A different approach for high repetition rate single-shot CEP measurement has been taken which is based on Dispersive Fourier Transform (DFT) [12–15]. The temporal dispersion based one-shot ultrafast carrier envelope phase analysis method (TOUCAN) allows single-shot CEP drift extraction up to gigahertz repetition rates from f-to-2f spectral interference. The concept is demonstrated by recording the CEP drift of 4 cycles pulses at 3.2 µm from an OPCPA laser operating at 100 kHz.

2. Concept

Linear optical interferometry cannot provide information about the CEP so a nonlinear optical effect has to be employed [3]. In f-to-2f self-referential interferometry, a fraction of the laser pulse is frequency doubled while another fraction is spectrally broadened until the blue part reaches the doubled frequency (i.e. broadened over one octave). The interference signal is created by overlapping these two pulses in the temporal, spatial, and spectral domain. The one dimensional temporal evolution of the fundamental laser pulse is given by

E_{ω} (t) =A (t) \cdot exp (-i (ω_{0} t+φ))
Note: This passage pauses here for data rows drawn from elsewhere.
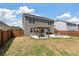 Expansive backyard featuring a patio with pergola, dining set, and fire pit, ideal for outdoor living at 210 Witch Hazel St, Summerville, SC 29486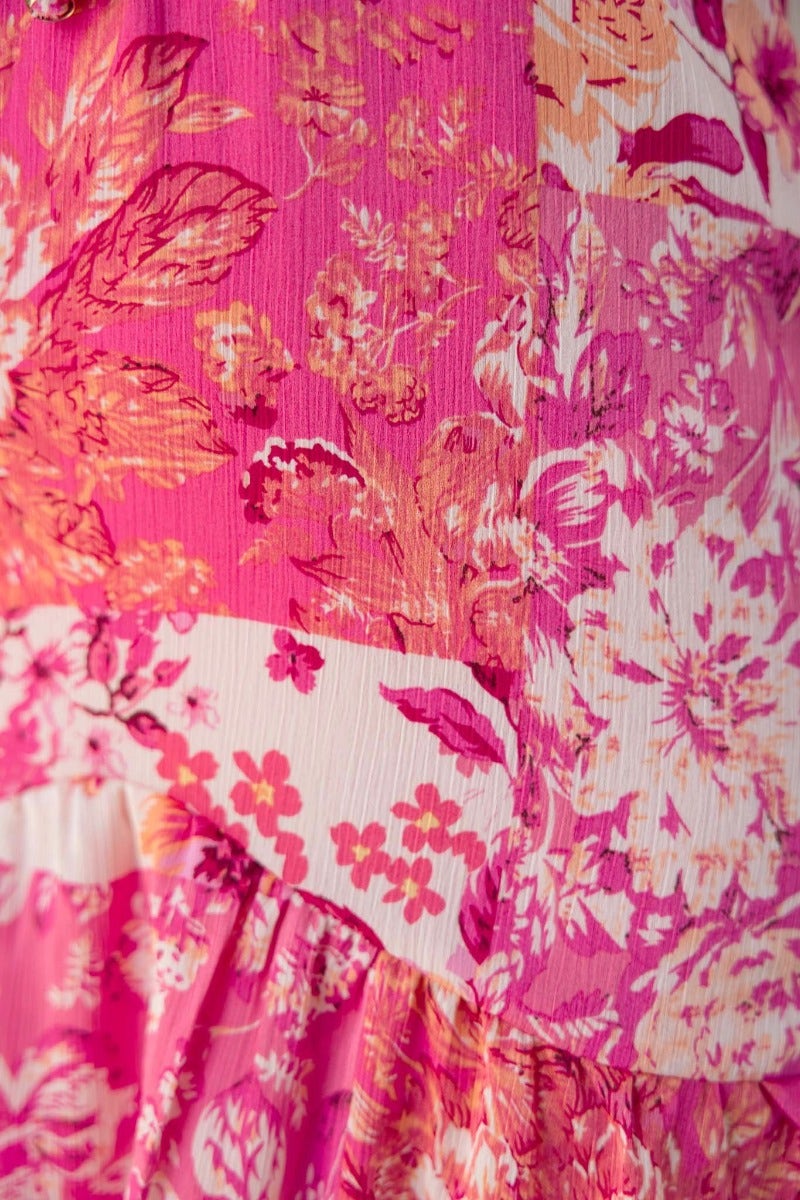 Close-up of vibrant floral print in pink hues on the Wildest Dreams Maxi Dress, showcasing its detailed fabric texture.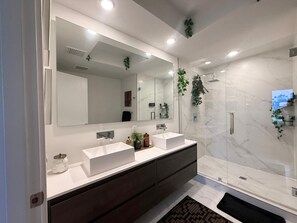 A modern bathroom with a large mirror, two sinks, a shower, and decorative plants. - Cozy 1-bedroom condo in tranquil Pompano Beach with AC (Pompano Beach)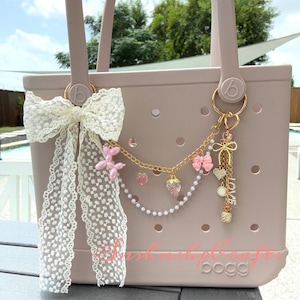 May include: A light pink tote bag with a white lace bow and a gold charm chain. The chain features pink bows, strawberry charms, and a 'LOVE' pendant. The bag has a perforated design.
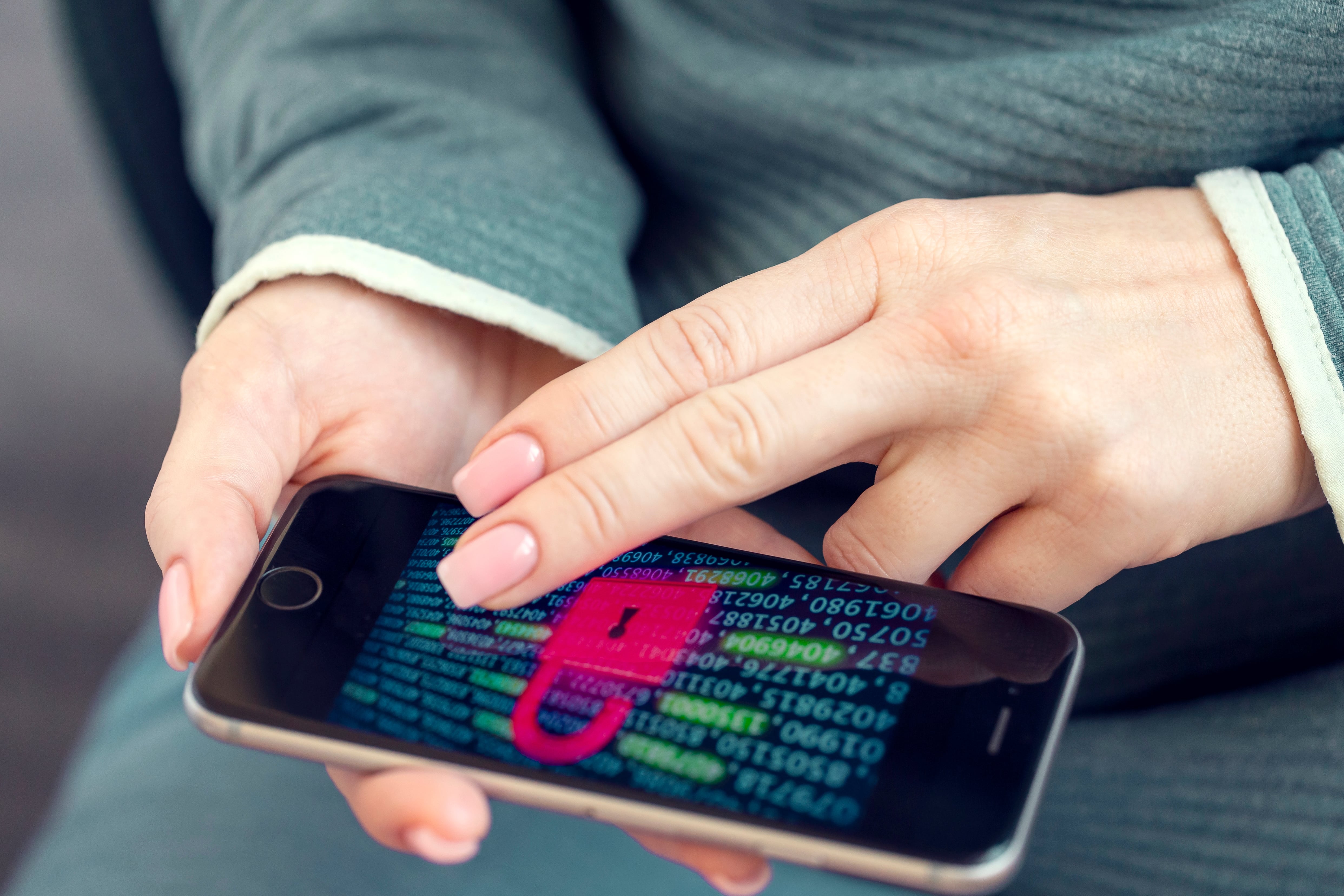 Hands hold a cell phone with a large lock showing on screen.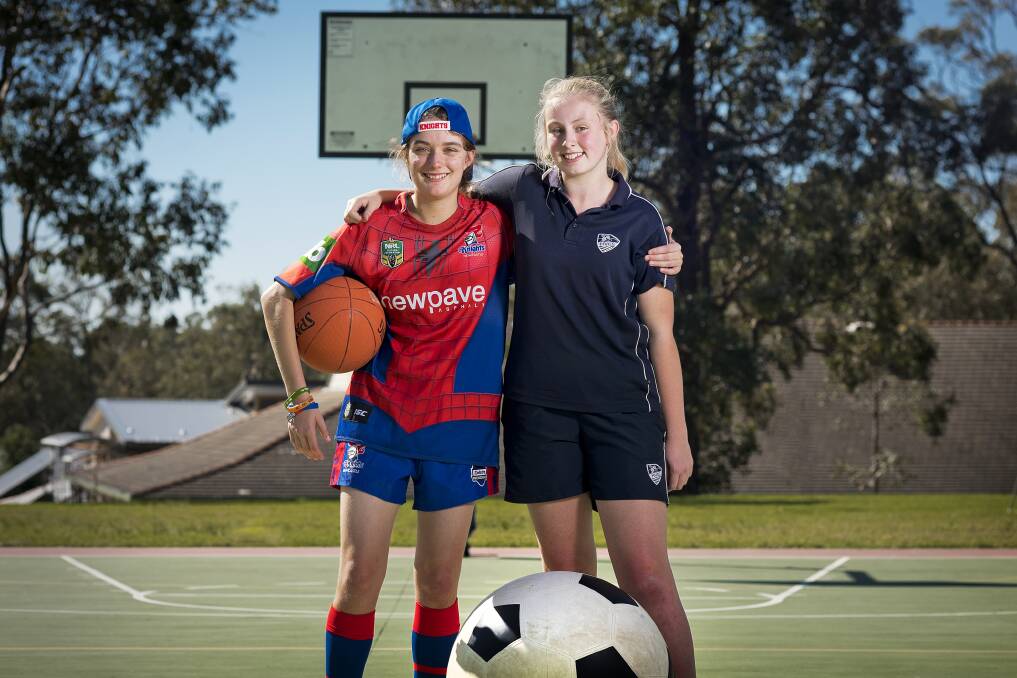 STAND TOGETHER: Michelle Price and Alex Gibb playing sport at Hunter Valley Grammar School on Tuesday. Picture: PERRY DUFFIN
where A(t) is the temporal envelope of the pulse,

ω_{0}

is the central angular frequency and φ stands for CEP. In the frequency domain the field reads:

E_{ω} (ω) {=A}_{ω} (ω) \cdot \exp (-iφ)

Under perfect conditions, the second harmonic (SH) pulse is centered at twice the frequency of the original. The resultant phase is twice that of the fundamental pulse and also shifted by an offset. The complex spectrum of the second harmonic electric field is expressed as:

E_{2ω} (ω) {=A}_{2ω} (ω) \cdot \exp (-i (2φ+π/2))

The above equation describes a process, where dispersion is negligible. In reality material dispersion introduces different constant phase shift for the fundamental and SH pulses. The spectra of these pulses may overlap if the spectrum is either sufficiently broad or if it is broadened by supercontinuum generation. The overlapping region will exhibit a spectral interference pattern, where the fringe period depends on the relative delay between the fundamental and the SH pulse. The resulting signal as detected by an integrating device is described by:

\begin{array}{l} I_{f-2f} (ω) = (E_{ω} (ω) {+E}_{2ω} (ω)) \cdot \bar{(E_{ω} (ω) {+E}_{2ω} (ω))} \\ {=I}_{ω} (ω) {+I}_{2ω} (ω) +2 \sqrt{I_{ω} (ω) \cdot I_{2ω} (ω)} \cdot \cos ({φ+φ}_{D} +ω \cdot Δt+π/2) \end{array}

where the Δφ_D is the phase difference between pulses introduced by the material dispersion. The third term in this equation creates a spectral intensity modulation where the phase of this pattern is in fact linearly related to φ. Thus extracting the phase of the spectral modulation provides the CEP value of the original pulse shifted by an unknown constant value.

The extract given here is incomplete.